A aula
inesquecível
Aulos,
Agripa e Everaldo puseram na telha que deveriam levar aquele “leitor” de
filósofos para dar uma aula.
NA CONTRA-MÃO
Para onde vão os filhos e as árvores
Ao sair da avenida Brasil e entrar na
rua Padre Marinho, logo depois do posto, o carro na fila dupla e na minha mão
impedia a passagem. O motorista na fila dupla brigava com uma mulher que saiu
do carro.
A opção era a contra mão. Esperei um
pouco e quando o movimento na contramão reduziu, entrei. Neste momento, o cara
que brigava com a mulher arrancou e quase batemos.
Eram 17h30m.
Tempo mais para escuro, mais para o
anoitecer que chegava.
Algumas pessoas gritam e alertam para
o choque que não aconteceu. Buzinei. Parei mais na frente.
- Cuidado
Quem gritou foi o Taquinho.
- Cara você ia bater!
- Se tivesse batido, o errado seria
eu. Devia ter esperado a briga, o casal se desentender de vez ou se entender.

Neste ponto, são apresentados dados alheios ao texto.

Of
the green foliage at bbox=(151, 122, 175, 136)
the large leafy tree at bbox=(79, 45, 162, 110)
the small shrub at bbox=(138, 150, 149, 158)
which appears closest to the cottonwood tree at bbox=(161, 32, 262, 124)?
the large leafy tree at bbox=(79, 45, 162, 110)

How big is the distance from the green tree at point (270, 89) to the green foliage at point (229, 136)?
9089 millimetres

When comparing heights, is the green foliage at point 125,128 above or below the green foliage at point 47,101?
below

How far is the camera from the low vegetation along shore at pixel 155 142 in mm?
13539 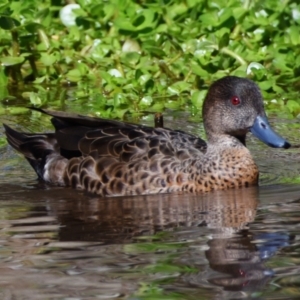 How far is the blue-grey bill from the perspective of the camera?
8000 mm

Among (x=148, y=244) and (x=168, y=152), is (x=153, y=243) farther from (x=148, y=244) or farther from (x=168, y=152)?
(x=168, y=152)

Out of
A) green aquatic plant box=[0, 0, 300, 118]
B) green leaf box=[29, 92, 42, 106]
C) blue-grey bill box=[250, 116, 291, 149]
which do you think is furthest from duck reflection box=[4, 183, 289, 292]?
green aquatic plant box=[0, 0, 300, 118]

- Se batesse na contramão, o erro
seria seu mesmo
- Se ele batesse em mim, o erro seria
meu também.
Taquinho fala que mudou a oficina para
a garagem ao lado da sapataria para onde eu voltava, hora marcada, para buscar
os sapatos e os novos saltos de Bela e Quel.
Taquinho tinha uma oficina
especializada em rádio para carro e a sua oficina era na rua Manaus, três
quarteirões dali. Estranhei ele estar ali.
- Mudei
Pediram o ponto. Antes dele, o
sapateiro Seu João fechara seu ponto de mais de 50 anos.
- Pediram o ponto, devem demolir a
área.
Taquinho me mostrou a sua nova loja,
uma garagem ampla e coberta.
Na outra loja, havia também uma
garagem, necessária para a sua oficina, estacionamento e serviços, sempre
rápidos, consertar rádios, instalá-los. Nos testes, o som sempre alto.
Naquela tarde, antes, quando levei os
sapatos, um senhor, com um livro surrado na mão, permitiu que eu estacionasse
na frente da sua garagem. De outras vezes, ele me autorizara certo de que minha
passagem era sempre rápida. Seria o dono da garagem? Não era. Disse que podia
ir tranquilo que avisaria ao pessoal da garagem onde eu estava. Chamar-me-ia.
Jogo rápido. Deixei os sapatos.
Voltaria às 17h30m para buscá-los.
O livro nas mãos do senhor Velho era
de filosofia.
- O senhor gosta de filosofia?
- Gosto. É a minha vida. Tenho uma
biblioteca selecionada. Não estudei filosofia na escola. São importantes estes
cursos de quatro anos. Sei que são. Você aprende filosofia e depois ensina. A
filosofia que sei e que quero é para mim e eu sei os meus caminhos. Lia
filosofia aprendendo língua. Francês, por exemplo.
Aí pergunto.
- O que é filosofia?
- O que é filosofia? O que é ser
filósofo?
Mais baixo, ele se colocou na minha
frente.
Seguro, confiante, cheio de disposição
disse que iria me responder nas palavras de um filósofo francês.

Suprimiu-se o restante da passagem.